Father Khachatryan says: "People talk about constructing a residence for the Catholicos. But if the building hiding St. Katoghike is going to be taken away then a construction must certainly be built behind the church.

"That will serve as a place where the Holy Patriarch will have official receptions. Throughout our history spiritual fathers have always had residences in the capital in addition to their spiritual centers."

Cross stones and other fragments of the destroyed church placed in the yard of St. Katoghike are "heavy" reminders of the past.

The 120 staff of the institutes are unhappy, however. Lavrenty Hovhannisyan, deputy director of the Institute of Linguistics says: "Our academy was founded in this building. In civilized countries centers like this one are always preserved. Our claim is not private. We can work where we get a table, we simply want the building to serve its purpose and be the center of Armenology."

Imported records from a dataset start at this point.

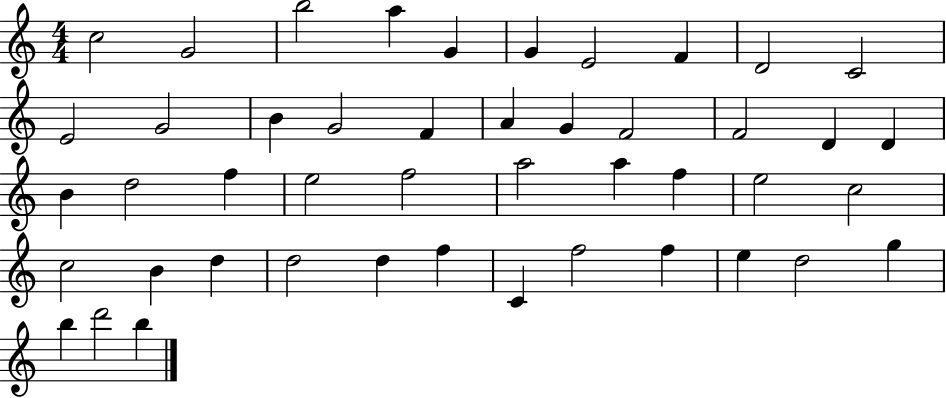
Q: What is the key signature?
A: C major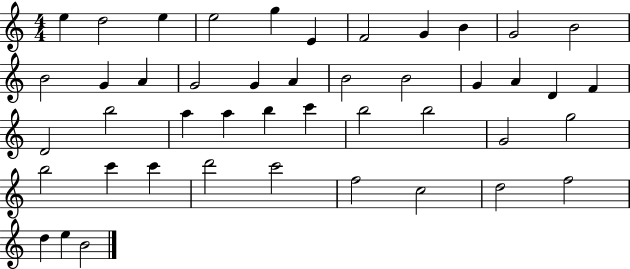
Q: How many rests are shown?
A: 0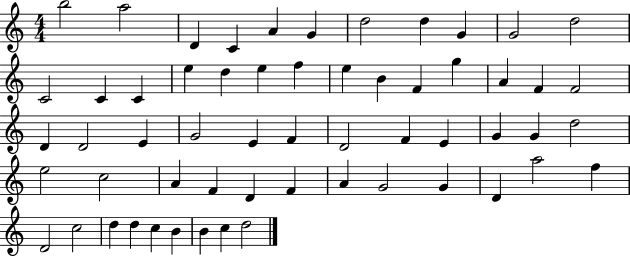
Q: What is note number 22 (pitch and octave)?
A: G5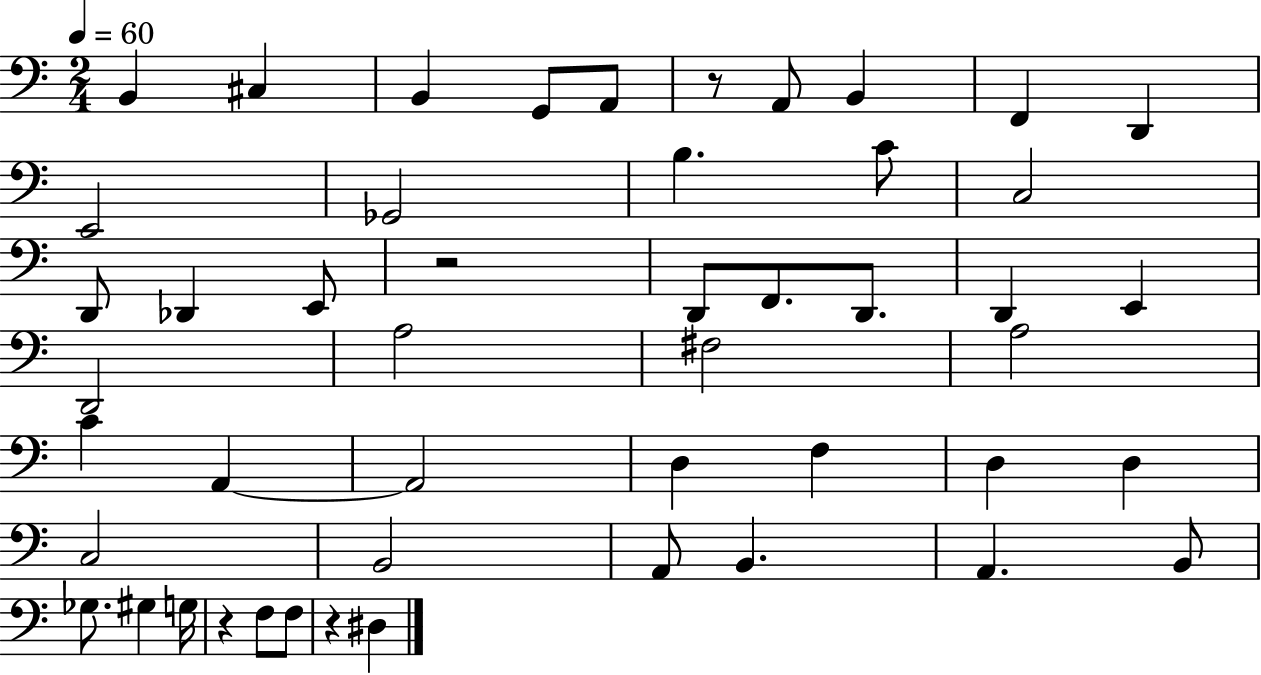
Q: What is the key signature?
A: C major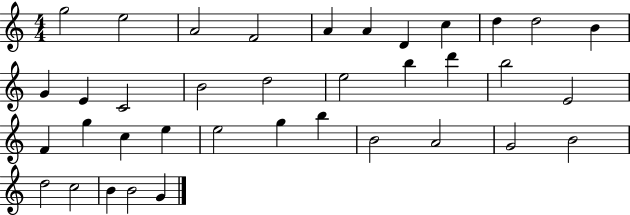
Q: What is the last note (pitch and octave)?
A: G4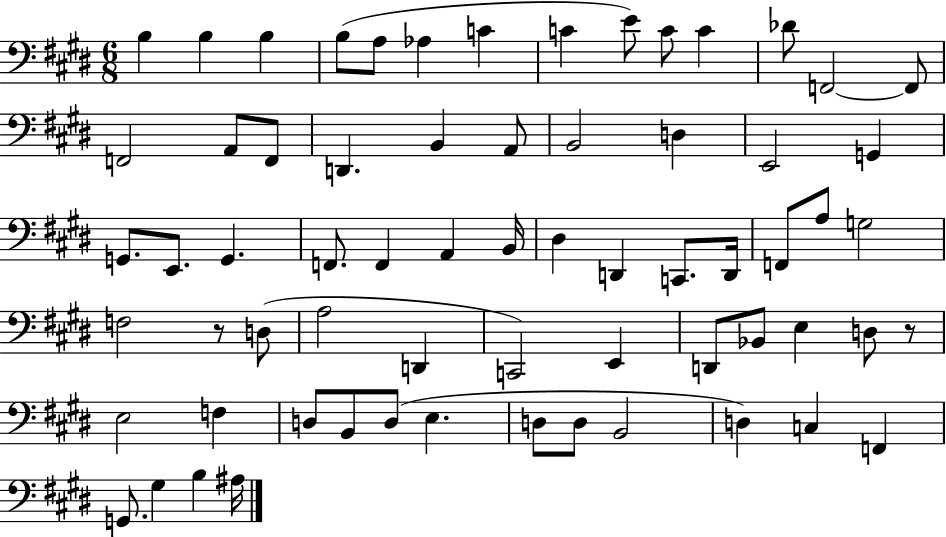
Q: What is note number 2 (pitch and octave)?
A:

The disputed building was built in 1938, serving first as a school and later as a hospital during World War Two. In 1943, the National Assembly of Sciences of Armenia was founded here, whose first presidents were Orbeli and Hambardzumyan. All institutes of the academic system functioned here.

"Today the whole scientific staff was presented with a fait accompli. It means nobody paid attention to the scientific achievements. There are values that should not be donated or touched," complains scientific worker of the institute Gayane Mkhitaryan.

Last week, scientists from the institute conducted a silent protest outside the building. On Monday, October 27, they sought permission from Yerevan municipality to organize a demonstration.

Josef Avetisyan, an Orientalist, says he would like to see historical monuments reconstructed in Yerevan.

"Scientists are worried about preservation of the Armenology center but our culture and language are inseparable aren't they? It's not fair to think about Mesropian language and not to think about Mesropian church. This language was spoken for the first time in a church and it was the Church that spread and preserved the culture," he says.

Ter Avetis is worried that sun rarely touches St. Katoghike with its rays. The building shades the church from the East and moisture corrodes its stones. St. Katoghike suffocates.

Khachatryan in his turn believes the freed church with its medieval architecture can become a symbol connecting Yerevan's past to the life of the modern capital.

"It is high time for St. Katoghike to be appreciated as a construction of medieval Yerevan and symbol of spiritual life in the conditions of independent and national statehood," he says.